The partners of a Singapore LLP own and run the business. Unlike private limited companies, an LLP does not have directors, shareholders or secretary.
A Singapore LLP must appoint at least one manager who is a natural person of at least 18 years of age and who is ordinarily resident in Singapore and is either a citizen of Singapore or a permanent resident.
A Singapore LLP’s name must include the words ‘limited liability partnership’ or the acronym LLP’.
A Singapore LLP must have a registered office within Singapore to which all communications and notices may be addressed.
Registration requirements for a Singapore LLP
A Singapore LLP is registered with the Accounting and Corporate Regulatory Authority (ACRA) of Singapore. Foreign individuals must appoint a professional services firm to handle the registration process.
The LLP registration process in Singapore comprises name reservation and registration of the entity.
The following information and/or documentation will be required:
Following registration, any changes to the particulars of the LLP must be lodged with the Registrar within 14 days from the date of change.
Partners must carry out their duties and meet their legal responsibilities set out in the LLP agreement but compliance requirements for a Singapore LLP are much simpler than for a Singaporeprivate limited company. There are no statutory requirement for general meetings, directors, company secretary, share allotments, etc.
A Singapore LLP is required to keep its books up-to-date but is not required to file its accounts or have them audited.
The manager of a Singapore LLP must submit an annual declaration of solvency or insolvency to the Registrar, which must be lodged within the first 15 months from the date of the registration and subsequently once in every calendar year at intervals of not more than 15 months.
A Singapore LLP must ensure that its invoices and official correspondence bear the statement that it is registered as an LLP, together with its name and registration number.
Continuity in law
A Singapore LLP has a separate legal personality from its partners. Any changes in the LLP (such as the resignation or death of partners) therefore do not affect its existence, rights or liabilities. A Singapore LLP has perpetual succession until wound up or struck off.
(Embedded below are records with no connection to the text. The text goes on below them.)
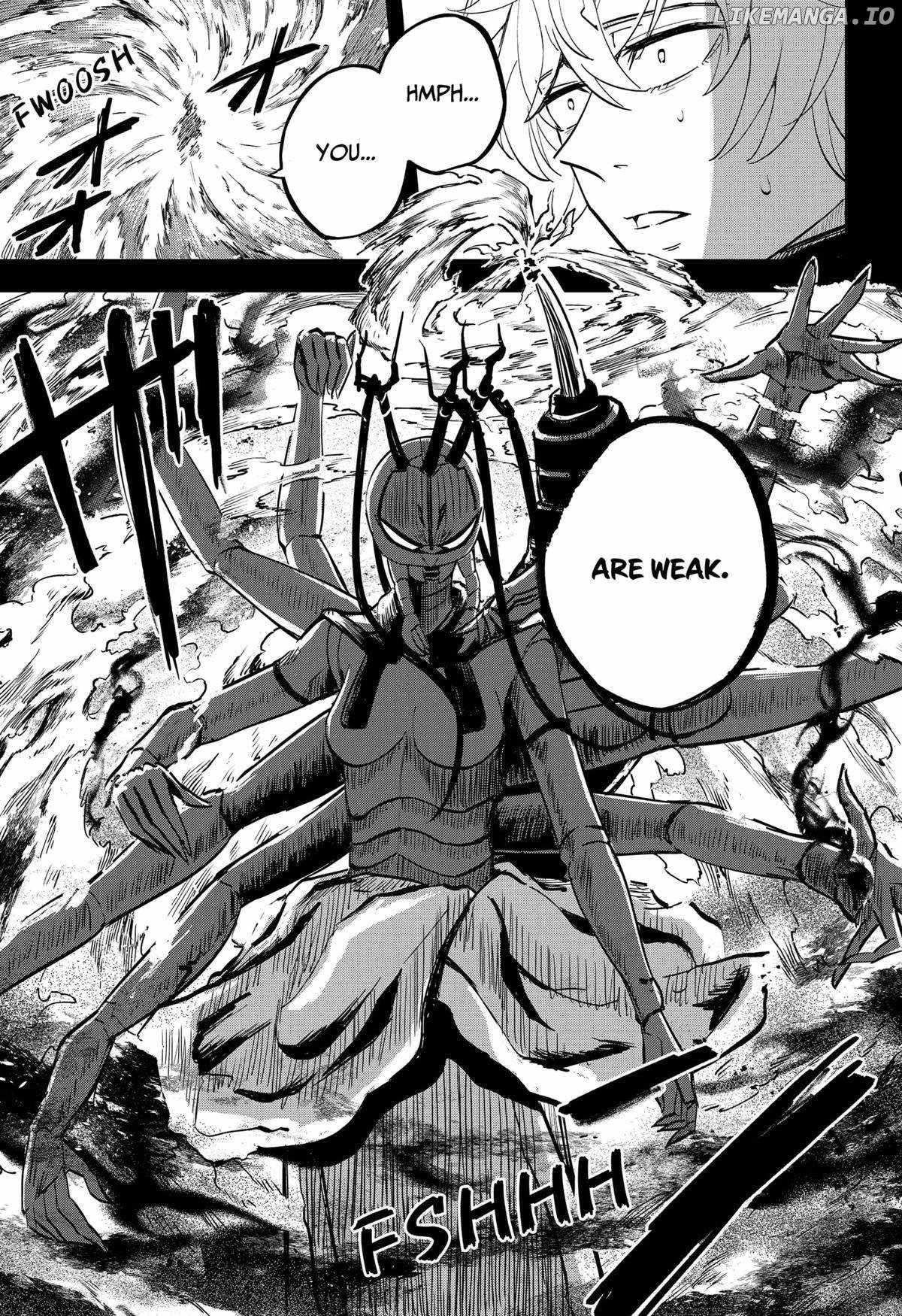 34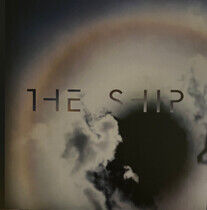 Brian Eno - The Ship (Colored VInyl)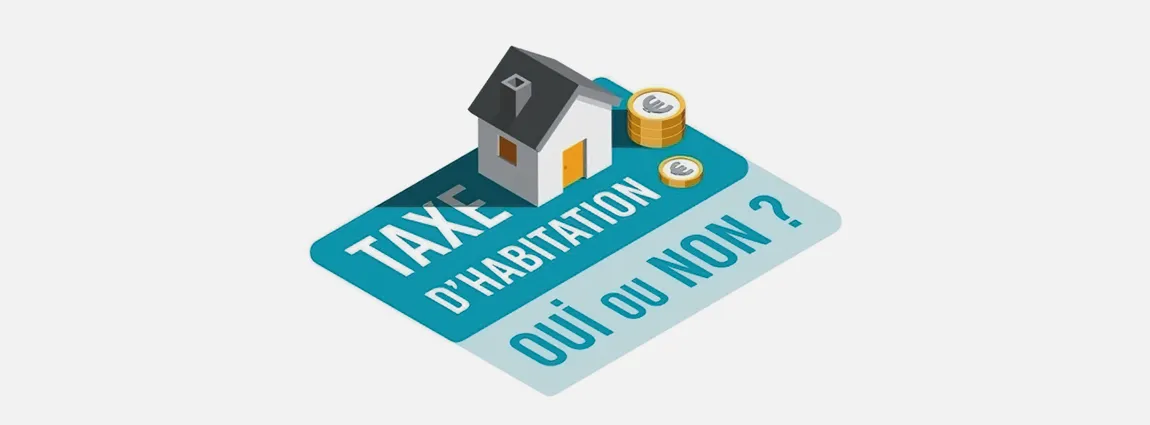 Bretagne Proprietes Services Bps Agence Immobiliere Ploermel 37 Comment Est Calculee La Taxe Dhabitation Pour Ma Residence Secondaire 1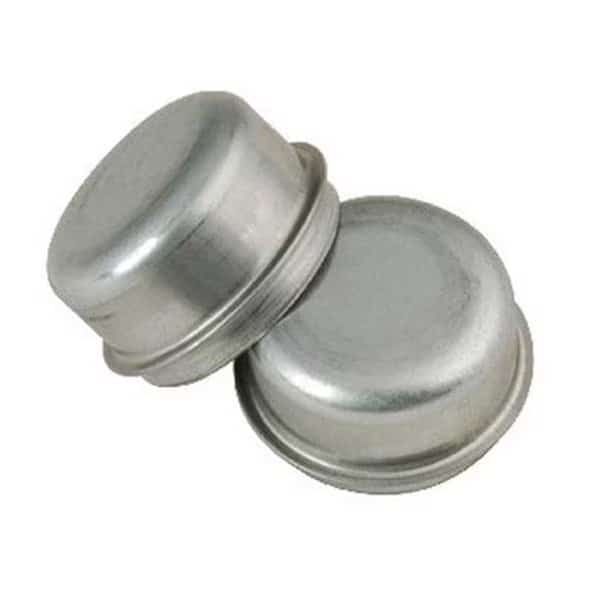 Tie Down Engineering 81167 1.98 in. Replacement Dust Cap Assembly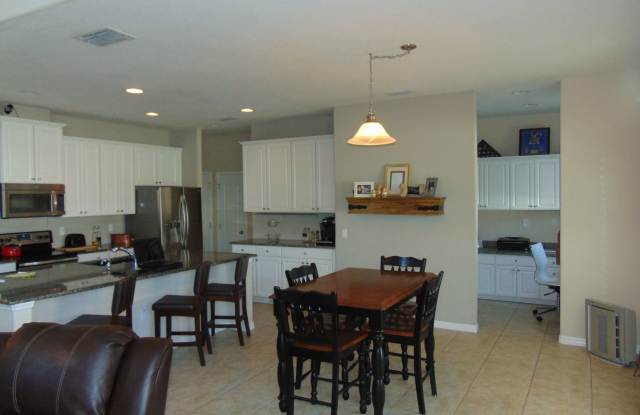 11524 Tangle Stone Dr Gallery 4
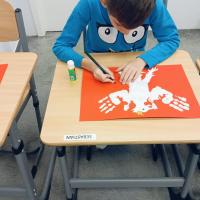 05df20da-316c-4a53-926c-c4ea929f4d50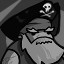 Swashbuckler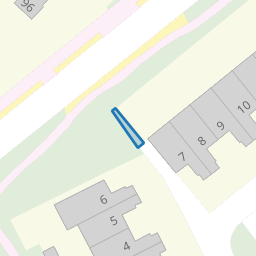 Perceel LNN00-A-3248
A Singapore LLP is required to have at least two partners. If a Singapore LLP carries on business with fewer than two partners for more than two years, personal liability may attach to the remaining partner.
Closing of Business / Dissolution of Partnerships
A Singapore LLP may apply to ACRA to strike its name off the register. ACRA may approve the application if there is reasonable cause to believe that the LLP is not carrying on business and it can satisfy the criteria for striking off.
A Singapore LLP may decide to wind up if its affairs voluntarily if the partners are of the opinion that the LLP will be able to pay its debts in full within 12 months after the commencement of the winding up. It must appoint a liquidator and file the notifications required under the LLP Act.
If the partners are of the opinion that the LLP cannot by reason of its liabilities continue its business, an LLP may decide to opt for creditors’ voluntary winding up.
A Singapore LLP may also be wound up under an order of the Court under certain circumstances eg. the LLP is unable to pay its debts.